__Required action__: From the very first line of the records through the line that contains "ITS'DEMO / イッツデモ", repeat everything exactly except the pictures, and add nothing.

· · · ·

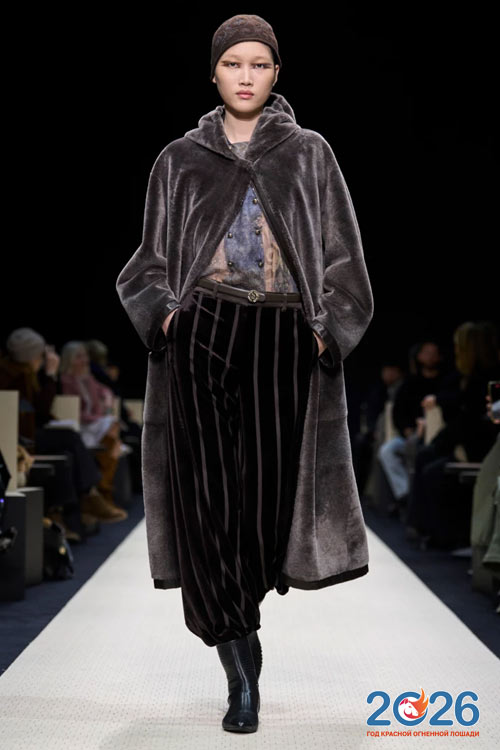 Модные пальто осень-зима 2025-2026 года56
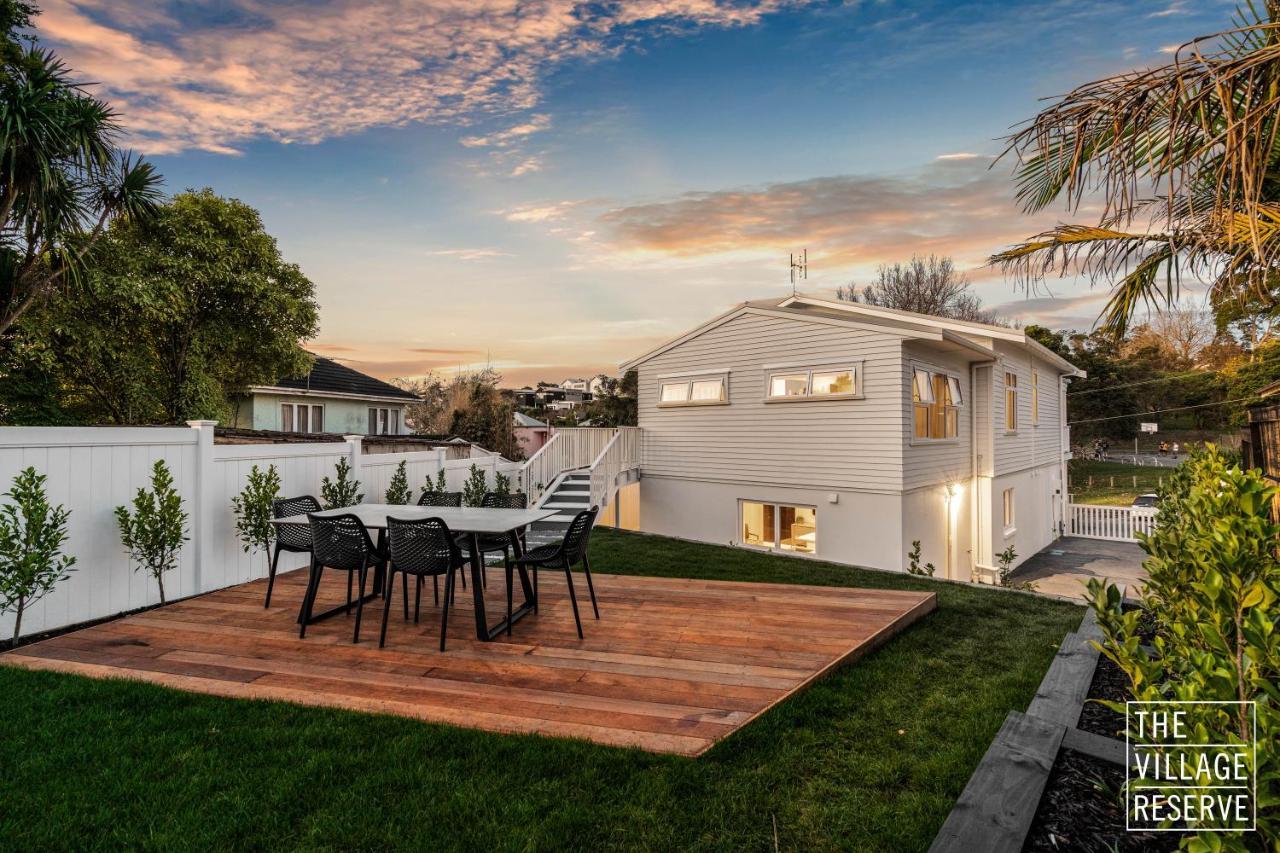 The Village Reserve Boutique Accomodation Auckland Luaran gambar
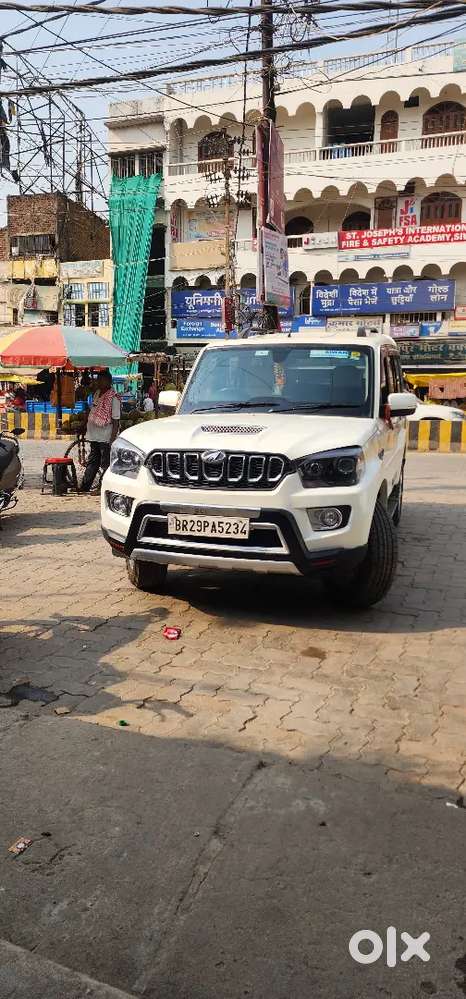 Mahindra Scorpio 2019 Classic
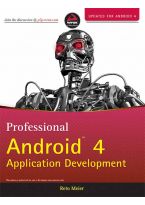 Wileys Professional Android 4 Application Development | BS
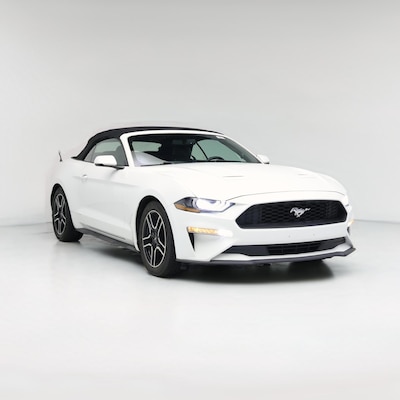 2020 Ford Mustang Ecoboost Premium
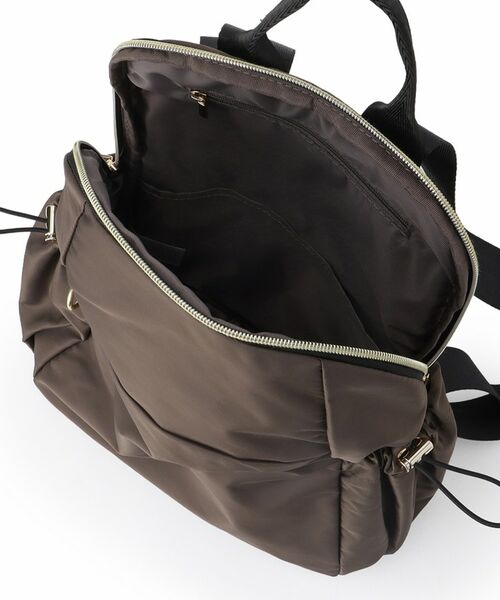 ITS'DEMO / イッツデモ リュック・バックパック | ドローラA4リュック | 詳細16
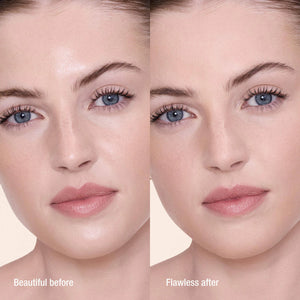 Charlotte Tilbury, Charlotte Tilbury Powder, Airbrush Flawless Finish, Airbrush Flawless Finish Powder, Compact Powder, Pressed Powder, Setting Powder, Finishing Powder, Face Powder, Fair Powder, Shade 1 Fair, Airbrushed Finish, Matte Powder, Blurring Powder, Makeup Setting Powder, Luxury Makeup - Makeupstashpk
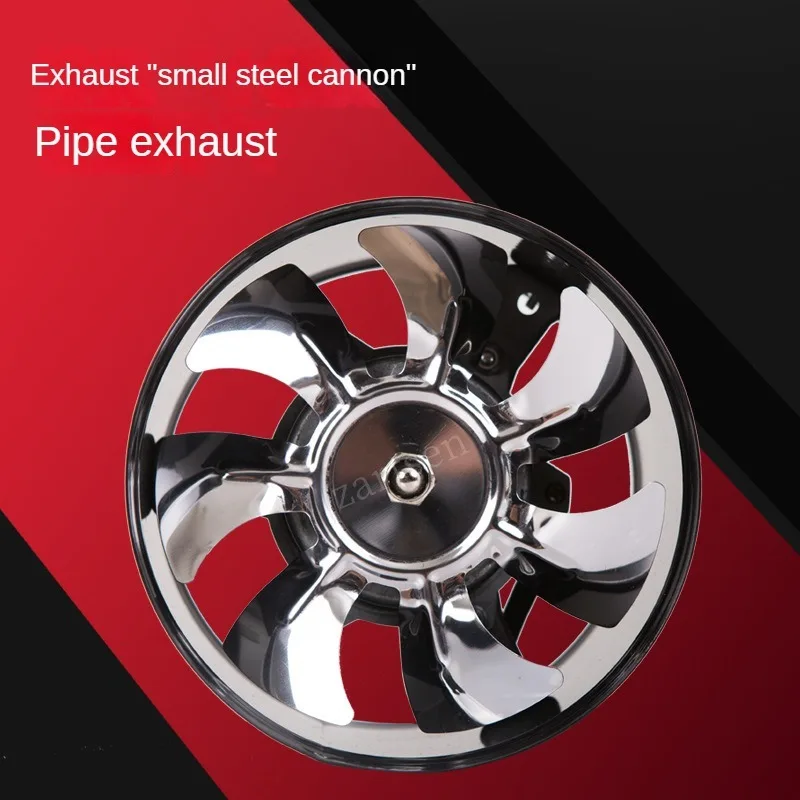 4''6''8'' Pipe Exhaust Fan Air - Home Bathroom Vent review and price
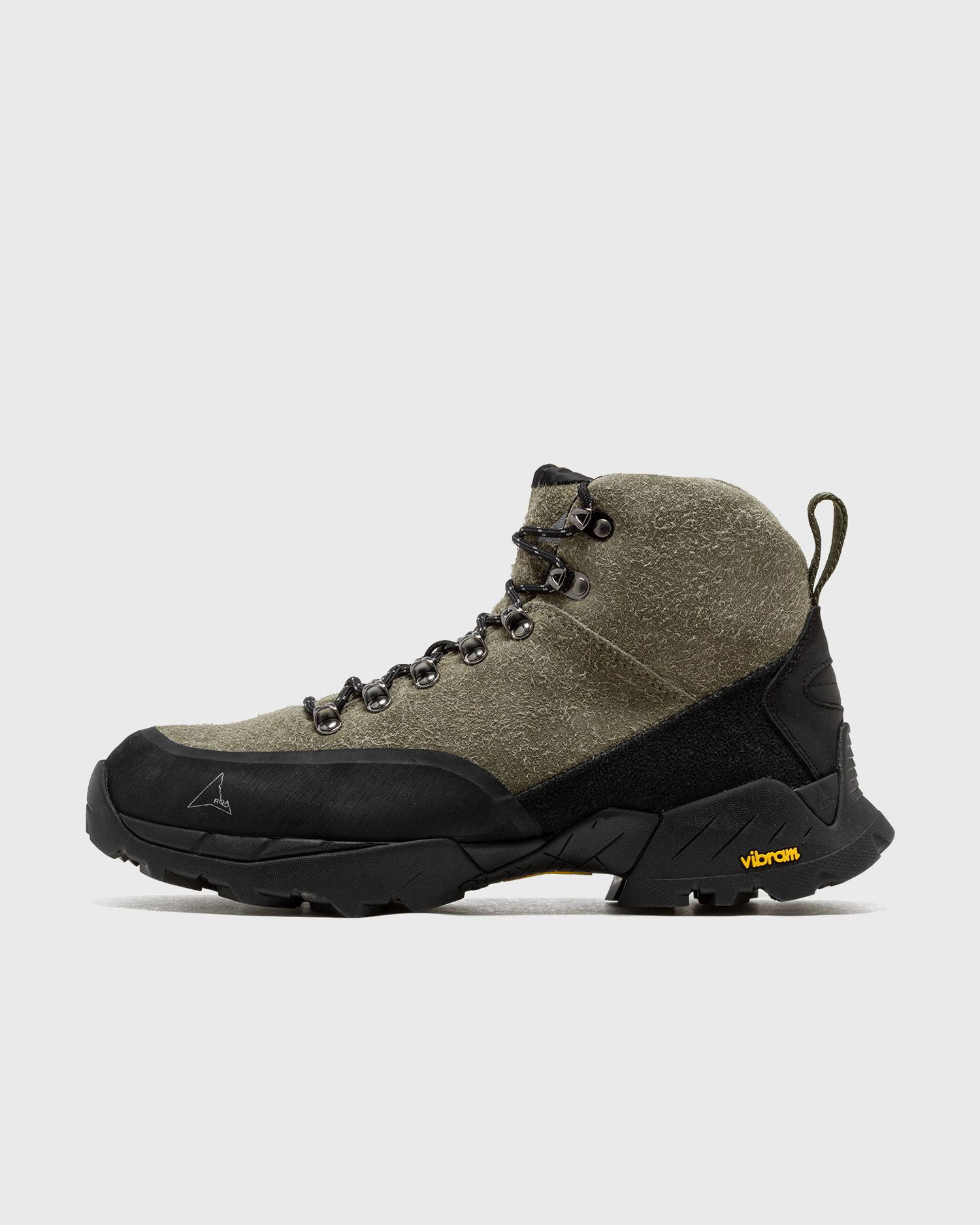 Tenisky a topánky ROA Andreas Zelené | ALE06-109, 0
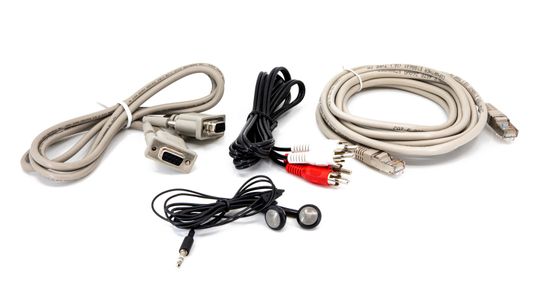Barix Cable Set Audio For the 100 series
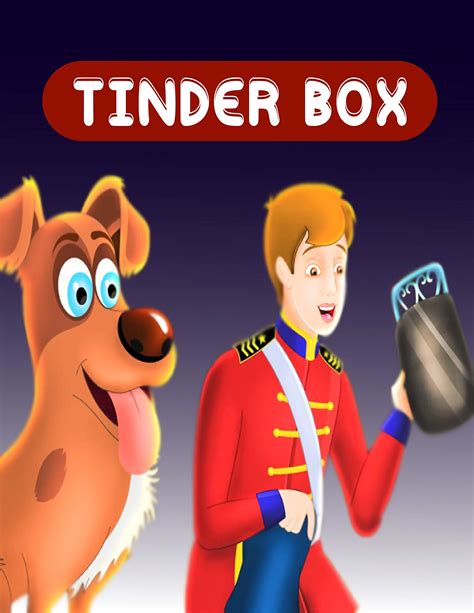 Tinder Box: English Cartoon | Moral Stories For Kids | Classic Stories ...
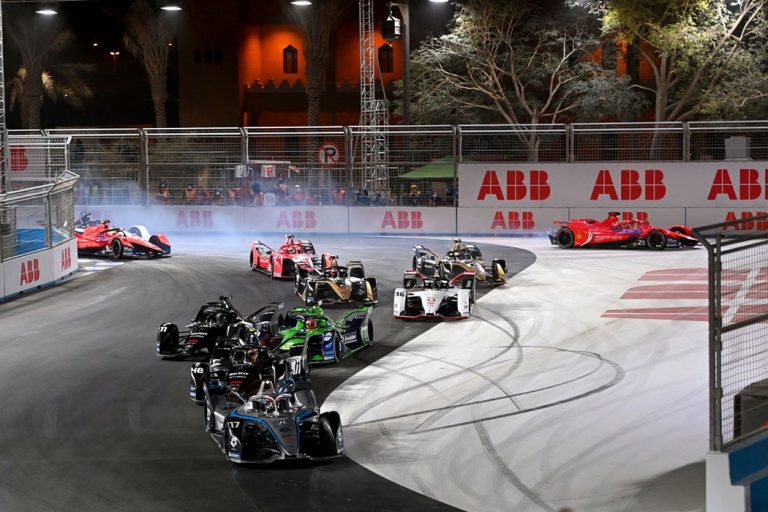 FormulaE-Gara2-AdDiriyah-2022-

· · · ·

__Answer to this problem__:
 Модные пальто осень-зима 2025-2026 года56
 The Village Reserve Boutique Accomodation Auckland Luaran gambar
 Mahindra Scorpio 2019 Classic
 Wileys Professional Android 4 Application Development | BS
 2020 Ford Mustang Ecoboost Premium
 ITS'DEMO / イッツデモ リュック・バックパック | ドローラA4リュック | 詳細16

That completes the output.